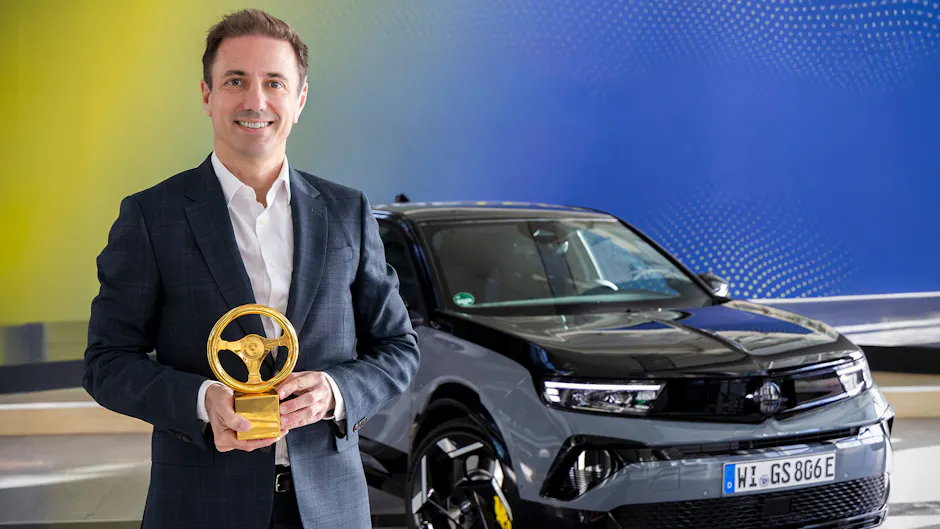 Opel CEO mit Goldenem Lenkrad vor Mokka GSE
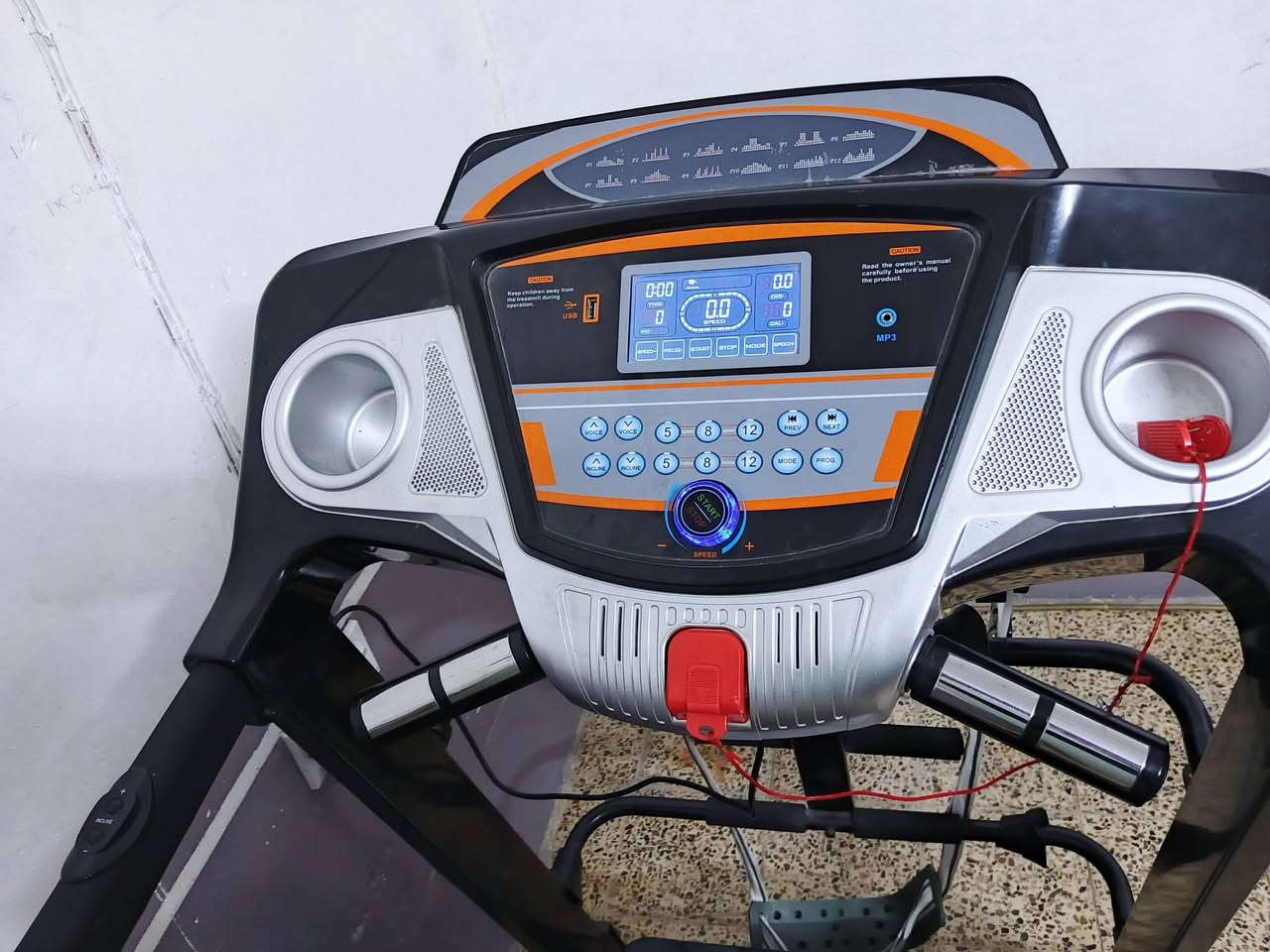 جهاز جري مستعمل قليل اخو الجديد نوع سبوت الجبلي 👍
المواصفات
ملف الماطور نحاس %100
يتحمل وزن اكثر من 150كغم 
متعدد للسرعات 
ملحق برجاج لتكسير شحوم البطن والارداف
دبلات + نوابض صحية لامتصاص الصدمات اثناءالتمرين
يحتوي على شاشة LD
قياس نبضات القلب ❤
قياس الوقت 
قياس السرعة 
قياس المسافة المقطوعة
قياس السعرات الحرارية المحروقة
ملحق بسماعات تعمل على الفلاش والاواكس mp3 
يحتوي على دامبلز عدد 2 اثقال يدوية
السعر 350 ألف  للاستفسار الاتصال على الرقم ***********
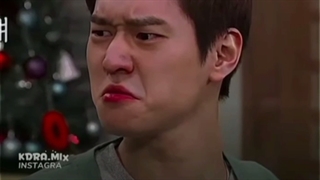 بدون شک هممون همینیم رابطه خواهر برادری ... توی نگاه اول کر*اش زدم روش  اسم سریال:ستاره سیب زمینی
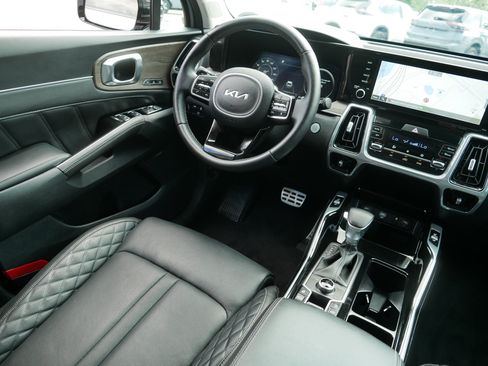 Certified 2023 Kia Sorento SX Prestige AWD/4WD image 9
__________
Exercise directions
Transcribe all the lines above exactly, apart from the pictures.

Task response
 Opel CEO mit Goldenem Lenkrad vor Mokka GSE
 جهاز جري مستعمل قليل اخو الجديد نوع سبوت الجبلي 👍
المواصفات
ملف الماطور نحاس %100
يتحمل وزن اكثر من 150كغم 
متعدد للسرعات 
ملحق برجاج لتكسير شحوم البطن والارداف
دبلات + نوابض صحية لامتصاص الصدمات اثناءالتمرين
يحتوي على شاشة LD
قياس نبضات القلب ❤
قياس الوقت 
قياس السرعة 
قياس المسافة المقطوعة
قياس السعرات الحرارية المحروقة
ملحق بسماعات تعمل على الفلاش والاواكس mp3 
يحتوي على دامبلز عدد 2 اثقال يدوية
السعر 350 ألف  للاستفسار الاتصال على الرقم ***********
 بدون شک هممون همینیم رابطه خواهر برادری ... توی نگاه اول کر*اش زدم روش  اسم سریال:ستاره سیب زمینی
 Certified 2023 Kia Sorento SX Prestige AWD/4WD image 9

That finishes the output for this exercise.